Supreme Court justices struggled Tuesday to interpret whistleblower provisions of a federal law in a way that would protect some private company employees who do work for public companies, but not all—not, for example, the gardener who mows the company’s lawn.
Business groups say the outcome of the case Lawson v. FMR could mean the difference between protection under the Sarbanes-Oxley Act for whistleblowers at 4,000 publicly traded companies versus the same protection for workers at as many as eight million private firms that may have dealings with public companies.
The Chamber of Commerce warned in a brief against a broad interpretation that would subject millions of small businesses to “burdensome and expensive” whistleblower litigation.
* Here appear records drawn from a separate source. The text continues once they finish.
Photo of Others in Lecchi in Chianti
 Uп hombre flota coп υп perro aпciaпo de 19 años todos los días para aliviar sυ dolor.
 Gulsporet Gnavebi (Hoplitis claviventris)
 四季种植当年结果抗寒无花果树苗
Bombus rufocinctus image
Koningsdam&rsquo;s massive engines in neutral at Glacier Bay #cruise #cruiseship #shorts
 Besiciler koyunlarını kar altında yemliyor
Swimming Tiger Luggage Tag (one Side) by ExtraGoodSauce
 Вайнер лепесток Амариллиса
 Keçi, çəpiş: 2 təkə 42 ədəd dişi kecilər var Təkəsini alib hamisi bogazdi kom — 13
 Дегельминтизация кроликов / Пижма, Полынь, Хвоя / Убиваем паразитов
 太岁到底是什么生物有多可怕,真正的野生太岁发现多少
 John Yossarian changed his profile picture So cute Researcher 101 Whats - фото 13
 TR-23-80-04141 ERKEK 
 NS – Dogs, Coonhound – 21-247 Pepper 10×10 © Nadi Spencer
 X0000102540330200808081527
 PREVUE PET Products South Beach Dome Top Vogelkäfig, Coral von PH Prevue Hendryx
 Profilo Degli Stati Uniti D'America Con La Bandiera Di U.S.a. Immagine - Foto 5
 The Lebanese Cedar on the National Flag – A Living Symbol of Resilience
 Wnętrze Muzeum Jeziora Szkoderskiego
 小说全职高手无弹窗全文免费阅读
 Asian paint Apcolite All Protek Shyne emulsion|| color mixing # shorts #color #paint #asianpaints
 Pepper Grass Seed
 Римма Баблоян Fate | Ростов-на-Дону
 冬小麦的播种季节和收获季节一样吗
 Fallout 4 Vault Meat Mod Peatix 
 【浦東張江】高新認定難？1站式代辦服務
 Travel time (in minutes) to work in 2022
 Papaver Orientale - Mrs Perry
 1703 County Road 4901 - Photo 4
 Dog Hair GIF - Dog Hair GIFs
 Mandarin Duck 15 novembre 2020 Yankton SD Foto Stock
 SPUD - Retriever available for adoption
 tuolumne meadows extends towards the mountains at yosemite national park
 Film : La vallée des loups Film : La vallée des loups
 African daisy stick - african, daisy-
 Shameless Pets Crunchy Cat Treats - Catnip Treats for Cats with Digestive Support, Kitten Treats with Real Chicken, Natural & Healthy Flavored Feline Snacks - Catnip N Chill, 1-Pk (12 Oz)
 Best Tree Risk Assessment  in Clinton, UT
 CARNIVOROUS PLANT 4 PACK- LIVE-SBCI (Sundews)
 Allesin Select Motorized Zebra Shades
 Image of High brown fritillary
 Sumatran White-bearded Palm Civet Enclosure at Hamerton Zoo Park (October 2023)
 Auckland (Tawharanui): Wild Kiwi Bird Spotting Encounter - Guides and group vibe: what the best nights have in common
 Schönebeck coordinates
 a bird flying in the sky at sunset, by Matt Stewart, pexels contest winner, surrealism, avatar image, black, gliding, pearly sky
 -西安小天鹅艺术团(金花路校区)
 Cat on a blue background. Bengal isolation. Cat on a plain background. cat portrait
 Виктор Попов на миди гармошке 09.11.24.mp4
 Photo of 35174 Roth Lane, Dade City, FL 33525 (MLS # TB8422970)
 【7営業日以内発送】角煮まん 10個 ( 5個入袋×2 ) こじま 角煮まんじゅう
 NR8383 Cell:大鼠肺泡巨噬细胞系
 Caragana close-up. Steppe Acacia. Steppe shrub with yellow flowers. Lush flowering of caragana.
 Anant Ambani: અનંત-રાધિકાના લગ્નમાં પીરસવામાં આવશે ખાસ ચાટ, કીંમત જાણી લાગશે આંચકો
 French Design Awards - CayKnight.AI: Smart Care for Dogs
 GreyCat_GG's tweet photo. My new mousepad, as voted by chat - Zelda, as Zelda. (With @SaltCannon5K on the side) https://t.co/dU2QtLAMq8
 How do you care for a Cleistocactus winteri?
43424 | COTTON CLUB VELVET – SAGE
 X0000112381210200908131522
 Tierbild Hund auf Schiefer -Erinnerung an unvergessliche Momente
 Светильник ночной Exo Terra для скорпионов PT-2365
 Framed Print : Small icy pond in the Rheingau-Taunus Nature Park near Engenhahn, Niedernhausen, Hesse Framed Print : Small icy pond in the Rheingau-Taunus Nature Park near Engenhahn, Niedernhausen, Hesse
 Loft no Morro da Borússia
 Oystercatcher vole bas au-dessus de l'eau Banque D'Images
Some justices who would usually be sympathetic to such a plea seemed skeptical. Gibson, Dunn & Crutcher partner Mark Perry, arguing for the employer in the case, said “Congress never contemplated covering private companies,” even though the law does mention contractors and subcontractors. Congress was focused on “the failure of Enron,” a public company, when it passed the law in 2002, Perry said.
Congress, Perry added, intended to leave disputes involving private contractors to be handled under other federal and state laws.
Reading the statute in such a limited way, Justice Antonin Scalia said at one point, would be “very sensible,” but “unfortunately it’s not there” in the words of the legislation. Justice Samuel Alito Jr. also said such an interpretation would give the law “such a narrow meaning” that it might render the provisions meaningless.
But justices also seemed to reject the other extreme, which would protect whistleblowers from retaliation or firing even at private companies with little or no direct involvement in possibly fraudulent activities at the publicly held companies for whom they work.
Justice Stephen Breyer asked about a gardening company that mows a company’s lawn once a week. Would a disgruntled employee be able to invoke Sarbanes-Oxley by claiming the company was involved in fraud—even if the fraud had nothing to do with the public company?
University of Washington School of Law professor Eric Schnapper, representing the whistleblowers in the case, struggled to answer. In the end, he did not rule out the gardener example, asserting that said Congress meant the law to be “an antifraud statute” with broad scope.
Schnapper declined to join a middle-ground approach offered by the Obama administration that would cover private company whistleblower employees only when they report wrongdoing that directly relates to the work being done for the public company. “We think it’s not the correct reading,” Schnapper said.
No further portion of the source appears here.